# Given entries:

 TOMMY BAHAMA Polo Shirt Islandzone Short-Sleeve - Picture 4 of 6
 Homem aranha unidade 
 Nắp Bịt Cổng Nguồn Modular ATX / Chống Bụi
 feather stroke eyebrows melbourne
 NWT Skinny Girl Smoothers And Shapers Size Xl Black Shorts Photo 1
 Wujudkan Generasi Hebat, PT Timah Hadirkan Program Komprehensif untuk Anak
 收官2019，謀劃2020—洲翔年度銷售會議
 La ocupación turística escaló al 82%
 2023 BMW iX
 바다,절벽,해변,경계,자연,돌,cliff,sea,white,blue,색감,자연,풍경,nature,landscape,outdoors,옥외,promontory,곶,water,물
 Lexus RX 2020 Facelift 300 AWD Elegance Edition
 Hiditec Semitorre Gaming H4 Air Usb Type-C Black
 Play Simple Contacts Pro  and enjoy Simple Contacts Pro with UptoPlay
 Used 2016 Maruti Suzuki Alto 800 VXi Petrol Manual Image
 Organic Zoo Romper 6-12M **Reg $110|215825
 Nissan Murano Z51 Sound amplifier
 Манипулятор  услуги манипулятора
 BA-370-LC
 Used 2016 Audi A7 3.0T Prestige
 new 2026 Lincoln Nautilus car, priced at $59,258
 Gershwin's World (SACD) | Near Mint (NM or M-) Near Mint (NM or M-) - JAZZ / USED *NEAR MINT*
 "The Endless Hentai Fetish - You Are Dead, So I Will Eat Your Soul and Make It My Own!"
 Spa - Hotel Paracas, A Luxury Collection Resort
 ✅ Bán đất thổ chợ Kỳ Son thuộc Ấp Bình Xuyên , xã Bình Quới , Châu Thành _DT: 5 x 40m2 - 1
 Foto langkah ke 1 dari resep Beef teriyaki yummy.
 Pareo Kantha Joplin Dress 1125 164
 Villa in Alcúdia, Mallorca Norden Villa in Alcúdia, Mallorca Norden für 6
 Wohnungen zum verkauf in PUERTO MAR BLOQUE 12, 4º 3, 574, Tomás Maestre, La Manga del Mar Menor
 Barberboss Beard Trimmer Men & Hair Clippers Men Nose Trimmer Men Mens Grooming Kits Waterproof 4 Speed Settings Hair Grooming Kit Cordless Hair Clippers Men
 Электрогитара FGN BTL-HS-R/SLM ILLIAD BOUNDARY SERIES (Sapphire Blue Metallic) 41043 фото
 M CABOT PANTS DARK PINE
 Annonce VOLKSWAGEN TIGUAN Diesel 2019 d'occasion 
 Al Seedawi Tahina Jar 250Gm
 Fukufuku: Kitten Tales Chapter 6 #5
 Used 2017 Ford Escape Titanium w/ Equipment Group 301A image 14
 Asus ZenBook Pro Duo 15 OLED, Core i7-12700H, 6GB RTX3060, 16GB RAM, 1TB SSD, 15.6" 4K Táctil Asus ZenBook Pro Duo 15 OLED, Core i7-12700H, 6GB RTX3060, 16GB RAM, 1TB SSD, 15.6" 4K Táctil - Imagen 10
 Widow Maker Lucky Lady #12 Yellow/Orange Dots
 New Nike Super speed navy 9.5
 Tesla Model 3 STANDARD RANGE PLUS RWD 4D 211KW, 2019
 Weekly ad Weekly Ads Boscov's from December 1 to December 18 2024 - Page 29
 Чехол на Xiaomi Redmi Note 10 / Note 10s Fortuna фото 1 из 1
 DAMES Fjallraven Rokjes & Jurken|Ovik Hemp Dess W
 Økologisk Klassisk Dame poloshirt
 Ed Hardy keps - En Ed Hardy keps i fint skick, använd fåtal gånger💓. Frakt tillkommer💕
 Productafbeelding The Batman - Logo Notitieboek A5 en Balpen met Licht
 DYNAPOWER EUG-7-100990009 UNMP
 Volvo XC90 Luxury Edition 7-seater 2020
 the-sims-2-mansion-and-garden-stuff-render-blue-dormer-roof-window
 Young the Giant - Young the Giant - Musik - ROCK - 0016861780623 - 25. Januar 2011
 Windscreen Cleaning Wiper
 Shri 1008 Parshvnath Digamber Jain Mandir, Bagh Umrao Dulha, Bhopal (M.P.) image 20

# Required action:
For this task, retype the material exactly, line for line.

# Answer section:
 TOMMY BAHAMA Polo Shirt Islandzone Short-Sleeve - Picture 4 of 6
 Homem aranha unidade 
 Nắp Bịt Cổng Nguồn Modular ATX / Chống Bụi
 feather stroke eyebrows melbourne
 NWT Skinny Girl Smoothers And Shapers Size Xl Black Shorts Photo 1
 Wujudkan Generasi Hebat, PT Timah Hadirkan Program Komprehensif untuk Anak
 收官2019，謀劃2020—洲翔年度銷售會議
 La ocupación turística escaló al 82%
 2023 BMW iX
 바다,절벽,해변,경계,자연,돌,cliff,sea,white,blue,색감,자연,풍경,nature,landscape,outdoors,옥외,promontory,곶,water,물
 Lexus RX 2020 Facelift 300 AWD Elegance Edition
 Hiditec Semitorre Gaming H4 Air Usb Type-C Black
 Play Simple Contacts Pro  and enjoy Simple Contacts Pro with UptoPlay
 Used 2016 Maruti Suzuki Alto 800 VXi Petrol Manual Image
 Organic Zoo Romper 6-12M **Reg $110|215825
 Nissan Murano Z51 Sound amplifier
 Манипулятор  услуги манипулятора
 BA-370-LC
 Used 2016 Audi A7 3.0T Prestige
 new 2026 Lincoln Nautilus car, priced at $59,258
 Gershwin's World (SACD) | Near Mint (NM or M-) Near Mint (NM or M-) - JAZZ / USED *NEAR MINT*
 "The Endless Hentai Fetish - You Are Dead, So I Will Eat Your Soul and Make It My Own!"
 Spa - Hotel Paracas, A Luxury Collection Resort
 ✅ Bán đất thổ chợ Kỳ Son thuộc Ấp Bình Xuyên , xã Bình Quới , Châu Thành _DT: 5 x 40m2 - 1
 Foto langkah ke 1 dari resep Beef teriyaki yummy.
 Pareo Kantha Joplin Dress 1125 164
 Villa in Alcúdia, Mallorca Norden Villa in Alcúdia, Mallorca Norden für 6
 Wohnungen zum verkauf in PUERTO MAR BLOQUE 12, 4º 3, 574, Tomás Maestre, La Manga del Mar Menor
 Barberboss Beard Trimmer Men & Hair Clippers Men Nose Trimmer Men Mens Grooming Kits Waterproof 4 Speed Settings Hair Grooming Kit Cordless Hair Clippers Men
 Электрогитара FGN BTL-HS-R/SLM ILLIAD BOUNDARY SERIES (Sapphire Blue Metallic) 41043 фото
 M CABOT PANTS DARK PINE
 Annonce VOLKSWAGEN TIGUAN Diesel 2019 d'occasion 
 Al Seedawi Tahina Jar 250Gm
 Fukufuku: Kitten Tales Chapter 6 #5
 Used 2017 Ford Escape Titanium w/ Equipment Group 301A image 14
 Asus ZenBook Pro Duo 15 OLED, Core i7-12700H, 6GB RTX3060, 16GB RAM, 1TB SSD, 15.6" 4K Táctil Asus ZenBook Pro Duo 15 OLED, Core i7-12700H, 6GB RTX3060, 16GB RAM, 1TB SSD, 15.6" 4K Táctil - Imagen 10
 Widow Maker Lucky Lady #12 Yellow/Orange Dots
 New Nike Super speed navy 9.5
 Tesla Model 3 STANDARD RANGE PLUS RWD 4D 211KW, 2019
 Weekly ad Weekly Ads Boscov's from December 1 to December 18 2024 - Page 29
 Чехол на Xiaomi Redmi Note 10 / Note 10s Fortuna фото 1 из 1
 DAMES Fjallraven Rokjes & Jurken|Ovik Hemp Dess W
 Økologisk Klassisk Dame poloshirt
 Ed Hardy keps - En Ed Hardy keps i fint skick, använd fåtal gånger💓. Frakt tillkommer💕
 Productafbeelding The Batman - Logo Notitieboek A5 en Balpen met Licht
 DYNAPOWER EUG-7-100990009 UNMP
 Volvo XC90 Luxury Edition 7-seater 2020
 the-sims-2-mansion-and-garden-stuff-render-blue-dormer-roof-window
 Young the Giant - Young the Giant - Musik - ROCK - 0016861780623 - 25. Januar 2011
 Windscreen Cleaning Wiper
 Shri 1008 Parshvnath Digamber Jain Mandir, Bagh Umrao Dulha, Bhopal (M.P.) image 20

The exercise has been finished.